Since LoRA benefits from a high learning rate, I thought, why not set it even higher? Ironically in some cases, it may be a benefit to allow some form of overfitting because you're given the leeway to adjust the parameters of how the weights are applied to the model.

To get the results in the above image, here were the settings I used. For training, I used AUTOMATIC's Webui with LoRA training enabled.

Unet LR: 1e-3
Text encoder LR: 5e-5
Scheduler: Polynomial (Default AdamW settings, weight decay = 0.01)
Epoches: 300 per image (1500 steps total in this particular case)
Warmup: 0
Unet Weight: 0.8
Text Encoder Weight: 0.9
Prior Preservation: None
Horizontal Flip: None
Instance Prompt: [filewords]
Class Prompt: [filewords]

At an extremely high level, the way this scheduler works is by starting at an initial rate (1e-3 at the power of 1.0 by default) then goes lower as each epoch is completed. In the case of LoRA, this allows you to capture an extremely large amount of details.

It has been shown that LoRA captures pretty good details at 1e-4, but suffers at a constant rate. Looking at the current training settings, we start at 1e-3 and ends at 1e-4 over the course of the training period. This allows to have the best of both worlds when it comes to LoRA training.

For the training data, I simply used 5 training images from the internet of Kiriko and captions to train. No instance tokens were used. This was sparked by this idea on Reddit.

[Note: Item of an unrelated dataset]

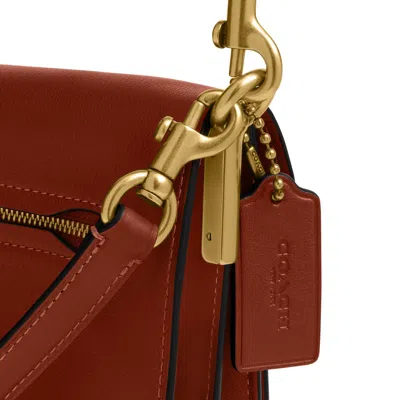 Coach Tabby Leather Shoulder Bag In Brown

The thing that intrigues me most about this method is that it took me no time at all to create this dataset (10 minutes max). Being able to quickly prototype datasets in this manner alongside with the weight variables (Unet / Text Encoder) make this an amazing addition to many workflows.

a high quality render of kiriko with smiling and looking to the right with an embarrased look on her face, high quality render

the 3d game character kiriko wearing a red headband and in a fighting pose, inside of a room, great incandescent lighting

a high quality 3d render of kiriko wearing a red headband looking at the camera with a smile and praying, great lighting and smooth details

kiriko wearing a red headband and in a fighting pose, cyberpunk setting

kiriko wearing a red headband and is in a landing pose with her hand on the ground, 3d game character from overwatch, city streets setting

I will most definitely experiment this avenue more, and this will most definitely probably benefit from a larger training dataset or even using regularization images. Would love to hear anybody's thoughts or additions on the matter!

cloneofsimo · 2022-12-21T05:49:01Z

cloneofsimo
Dec 21, 2022
Maintainer

Whoa pretty amazing result you've got there! Thank you for sharing!!

5 replies

cloneofsimo Dec 21, 2022
Maintainer

And just a quick question

this isn't pivotal tuning right?
Can I share this link & result on twitter?

ExponentialML Dec 21, 2022
Author

I did this without pivotal tuning.
By all means! Go for it 👍 .

cloneofsimo Dec 21, 2022
Maintainer

Thanks! Thanks for sharing such amazing configurations and tips with us again!

cloneofsimo Dec 21, 2022
Maintainer

Also, which training code did you use? There is no caption capability in the ones in my repo, did you use @brian6091 's?

ExponentialML Dec 21, 2022
Author

Also, which training code did you use? There is no caption capability in the ones in my repo, did you use @brian6091 's?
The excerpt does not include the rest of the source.